*** Opening DATA EXTRACT ***

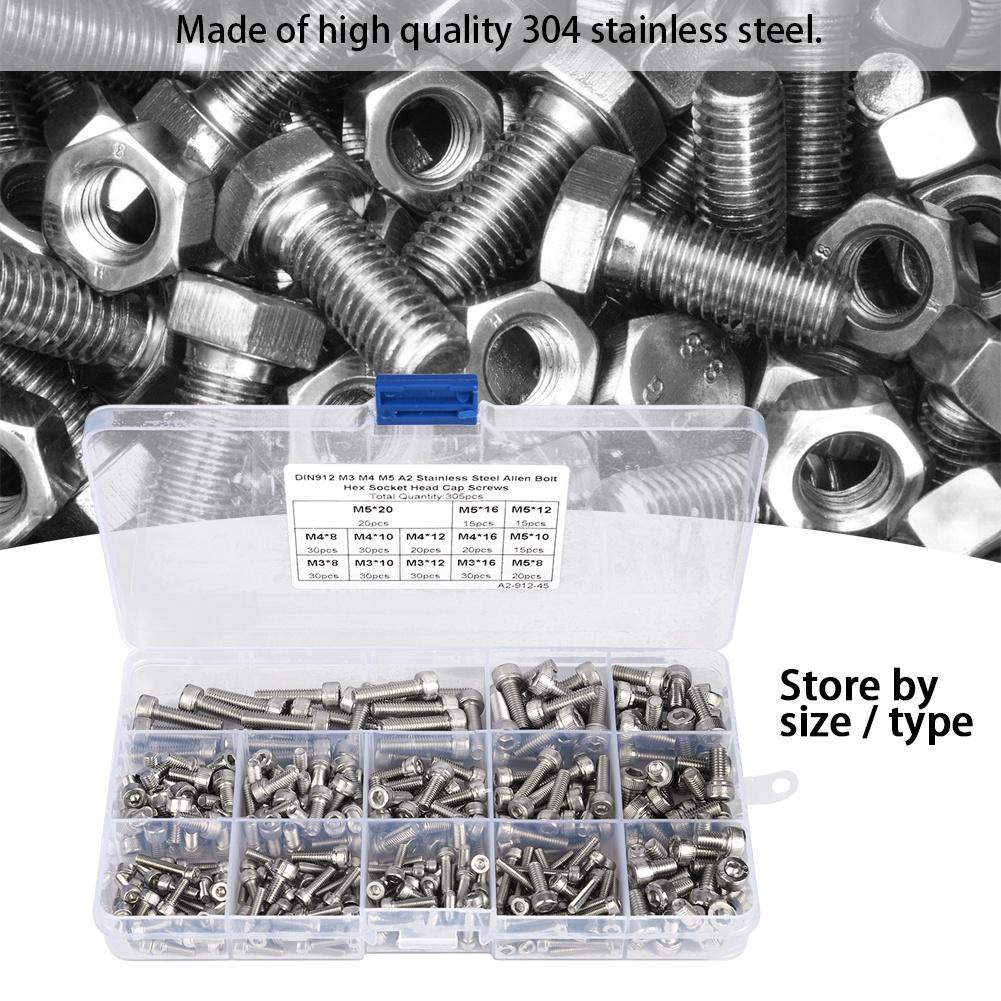 305PCs Screw Combination Set 304 Stainless Steel Hardware Fastener Power Tool Accessory
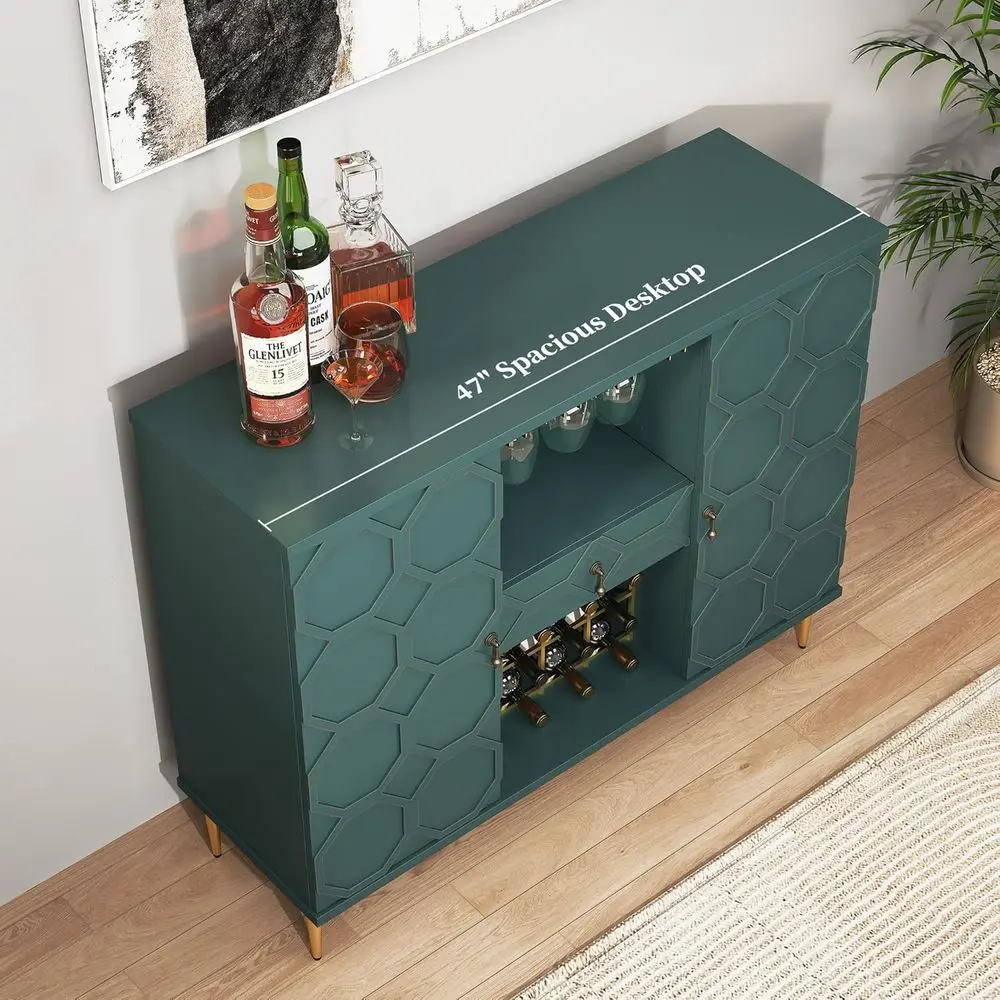 Green Geometric Door Sideboard with Wine Glass Racks and Shelves for Dining, Living, and Kitchen Areas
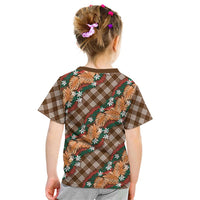 Polynesian Monstera Tiare Floral Kid T Shirt Chocolate Brown Tropical Plaid LT01 - Polynesian Pride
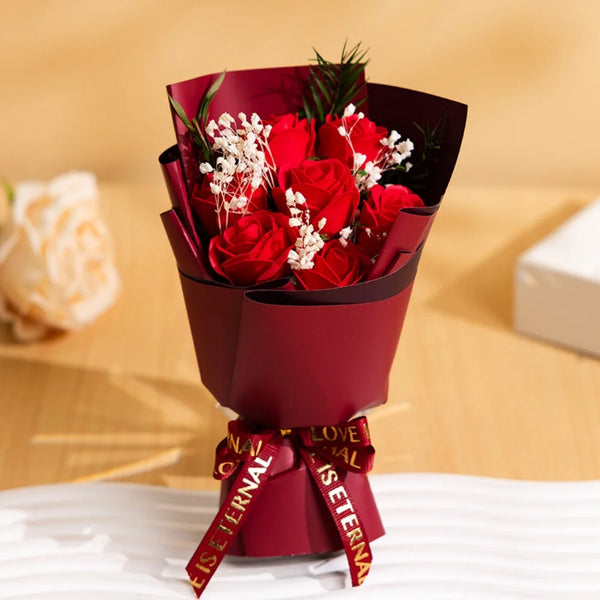 Bouquet For Wedding Decorative Rose Soap Flower Artificial Flower Practical Soap Flower Rose Bouquet For Home Decoration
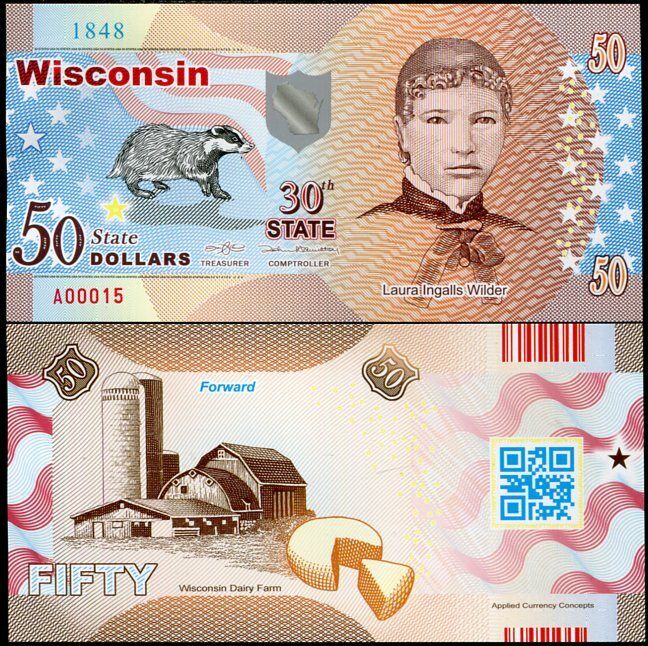 USA WISCONSIN 50 DOLLARS 2017 STATE 30TH WISCONSIN DAIRY FARM POLYMER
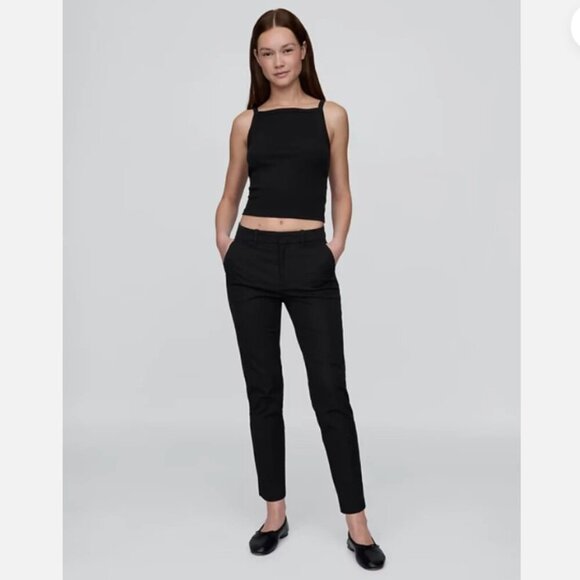 GAP Mid Rise Stretch Slim Straight Ankle Pants Black Size 14 #469007 RT$70 NEW - Picture 1 of 16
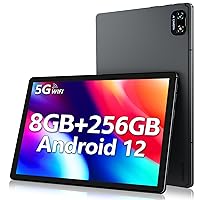 Latest Android 12 Tablet with 8GB RAM 256 ROM 1TB Expand,10.1 Inch Gaming Tablets,2.0GHz Octa-Core Tablet,1920 * 1200 FHD IPS Display,13MP+5MP Dual Camera,2.4/5G Dual Band WiFi+Bluetooth 5.0(Gray)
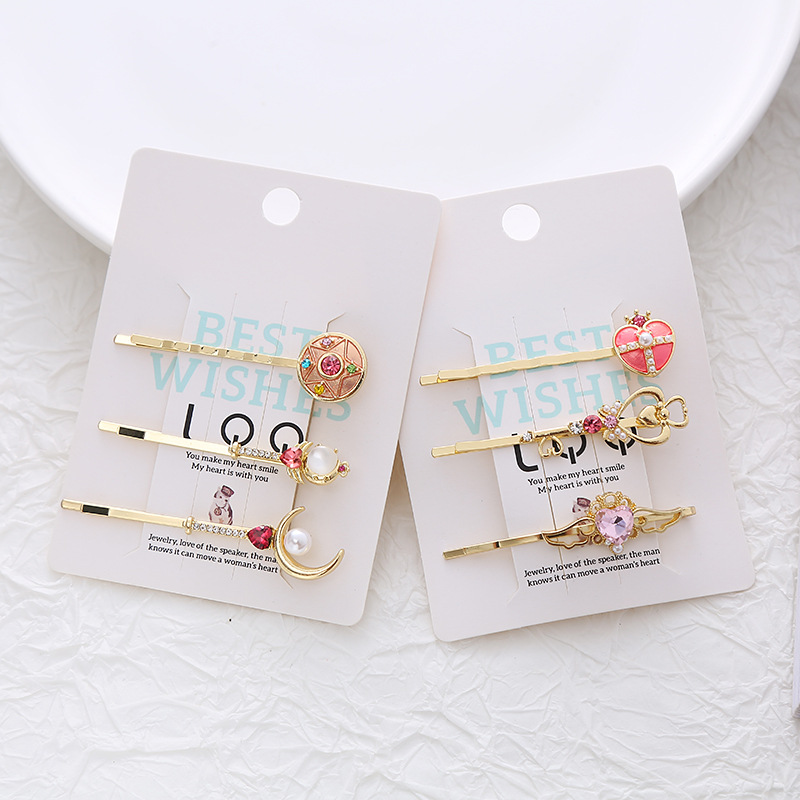 Bobby Pin Bulk - 魔法少女ヘアクリップ3個セット ハート型の杖デザイン 可愛いヘアピン サイドバングバレッタ カワイイヘアアクセサリー ティーンガールズ向け
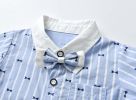 Baby Boy Bow-Tie Print Top Combo Solid Short Pants In Sets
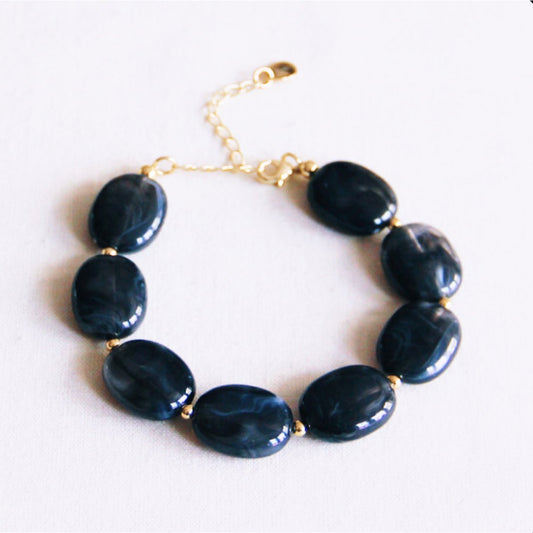Beaded bracelet of oval resin XL - anthracite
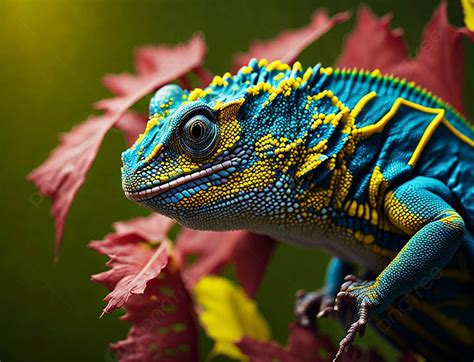 Latar BelakangMacrophoto Dari Indah Biru Kuning Bunglon Hewan Satwa Liar Fotografi Latar ...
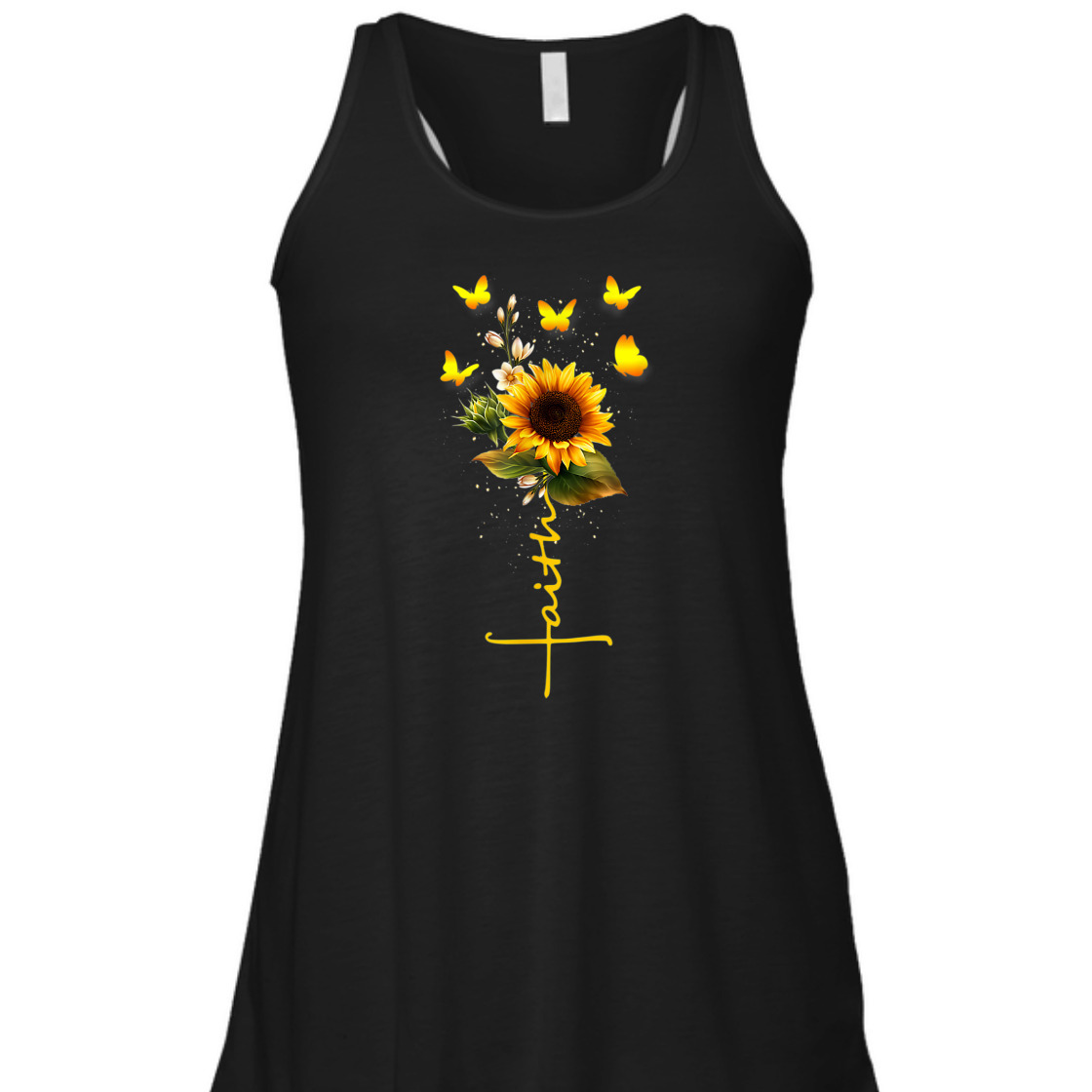 Vintage Faith Cross With Sunflower And Butterflies T-Shirt Vintage Faith Cross With Sunflower And Butterflies T-Shirt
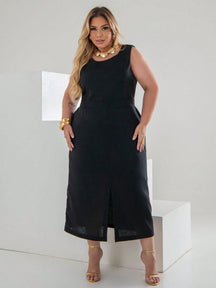 Vestido Plus Size Midi em Linho com Caimento Sofisticado Linho Vazado / cortado Noite Feriado Casamento Escritório Formal e Noturno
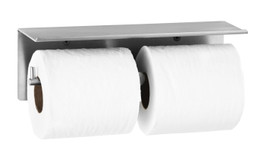 Bobrick B-540 - Surface Mounted Two Roll Toilet Tissue Dispenser with Shelf Bobrick B-540 - Surface Mounted Two Roll Toilet Tissue Dispenser with Shelf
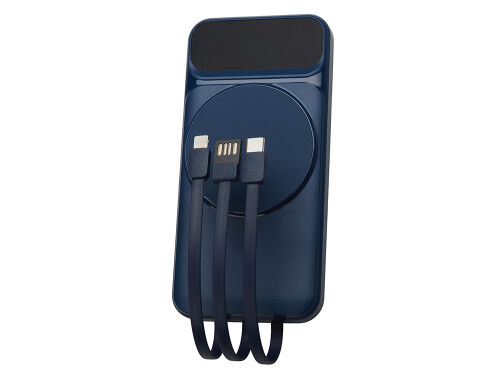 Магнитный беспроводной внешний аккумулятор со встроенными кабеля 4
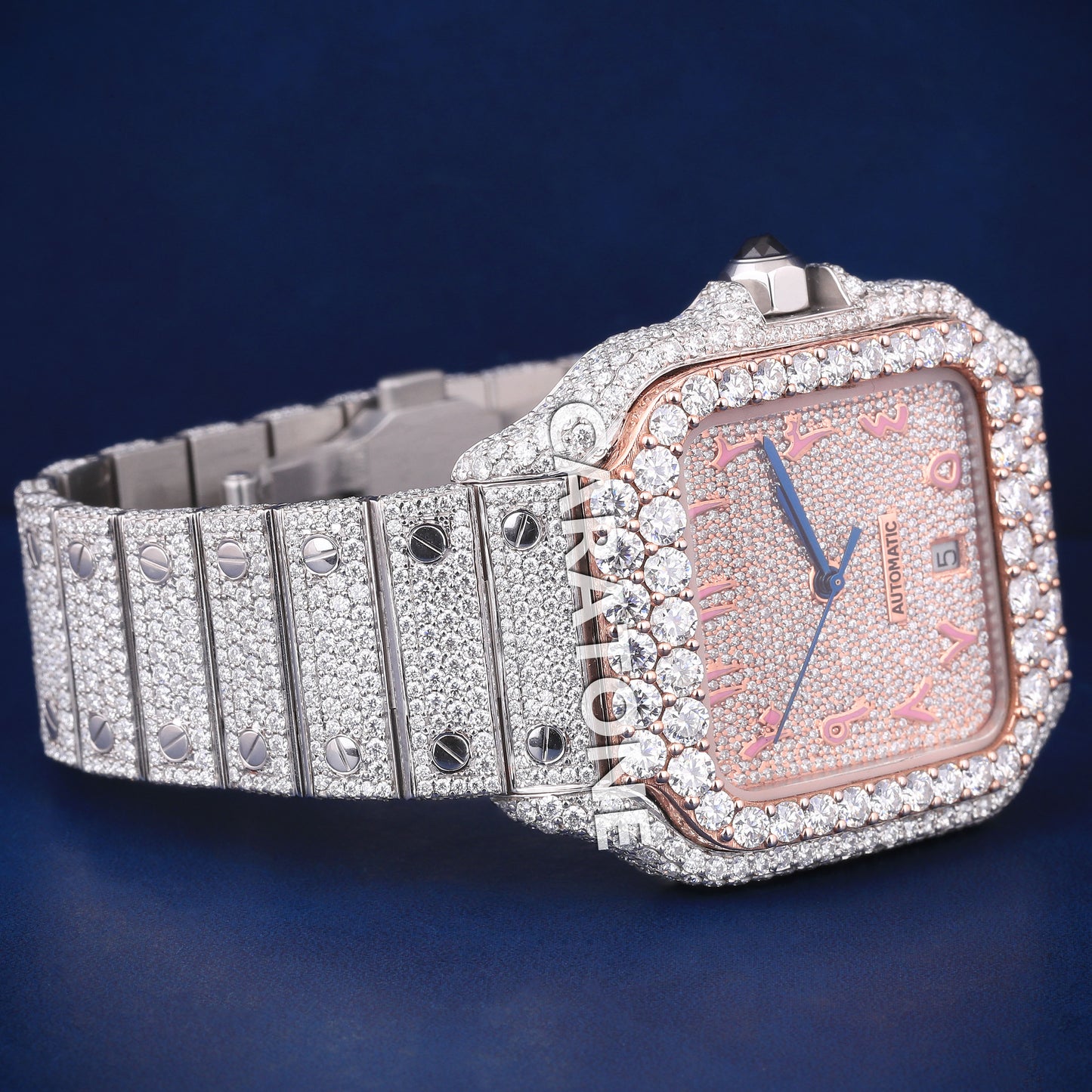 Hip hop full iced out branded watch with pink arabic numerals and diamond tester passed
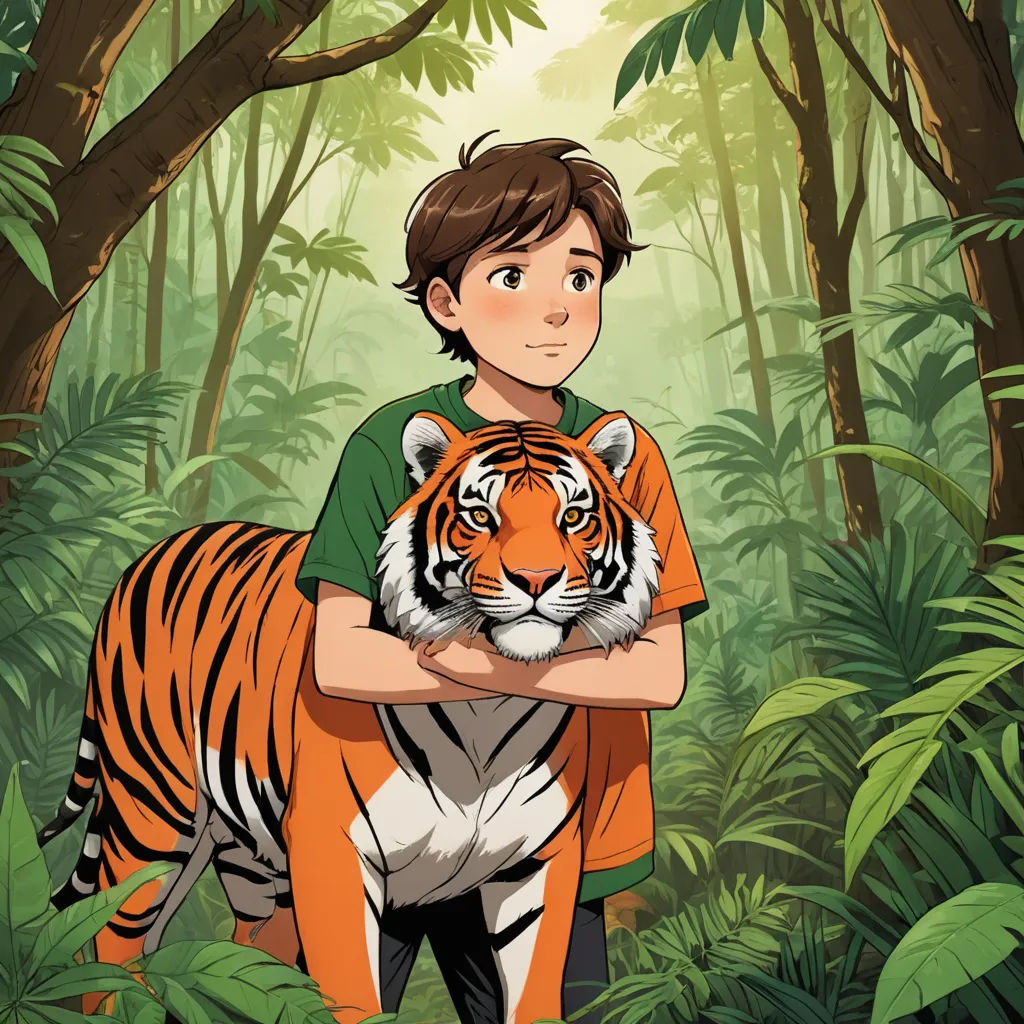 a boy holding a tiger in a jungle with trees and plants behind him and a jungle background with trees and leaves, furry art, a storybook illustration, Diego Gisbert Llorens, graphic novel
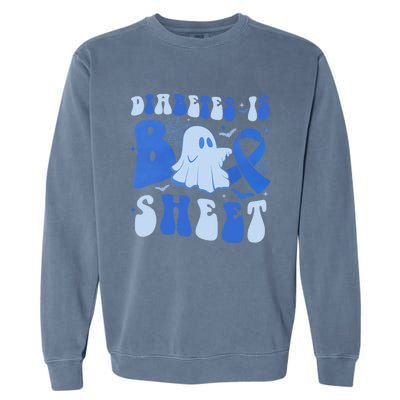 Diabetes Is Boo Sheet Halloween ghost Diabetes awareness Garment-Dyed Sweatshirt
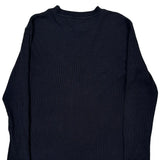Southpole Waffle Knit Long Sleeve T-Shirt - Medium Navy Cotton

*** Closing DATA EXTRACT ***

## WHAT YOU WILL DO
Output exactly, and only, the lines of the entries above from the one with "Bobby Pin Bulk" up to and including the one with "Hip hop full"; pictures are to be left out.

## WRITTEN SOLUTION
 Bobby Pin Bulk - 魔法少女ヘアクリップ3個セット ハート型の杖デザイン 可愛いヘアピン サイドバングバレッタ カワイイヘアアクセサリー ティーンガールズ向け
 Baby Boy Bow-Tie Print Top Combo Solid Short Pants In Sets
Beaded bracelet of oval resin XL - anthracite
 Latar BelakangMacrophoto Dari Indah Biru Kuning Bunglon Hewan Satwa Liar Fotografi Latar ...
 Vintage Faith Cross With Sunflower And Butterflies T-Shirt Vintage Faith Cross With Sunflower And Butterflies T-Shirt
 Vestido Plus Size Midi em Linho com Caimento Sofisticado Linho Vazado / cortado Noite Feriado Casamento Escritório Formal e Noturno
 Bobrick B-540 - Surface Mounted Two Roll Toilet Tissue Dispenser with Shelf Bobrick B-540 - Surface Mounted Two Roll Toilet Tissue Dispenser with Shelf
 Магнитный беспроводной внешний аккумулятор со встроенными кабеля 4
 Hip hop full iced out branded watch with pink arabic numerals and diamond tester passed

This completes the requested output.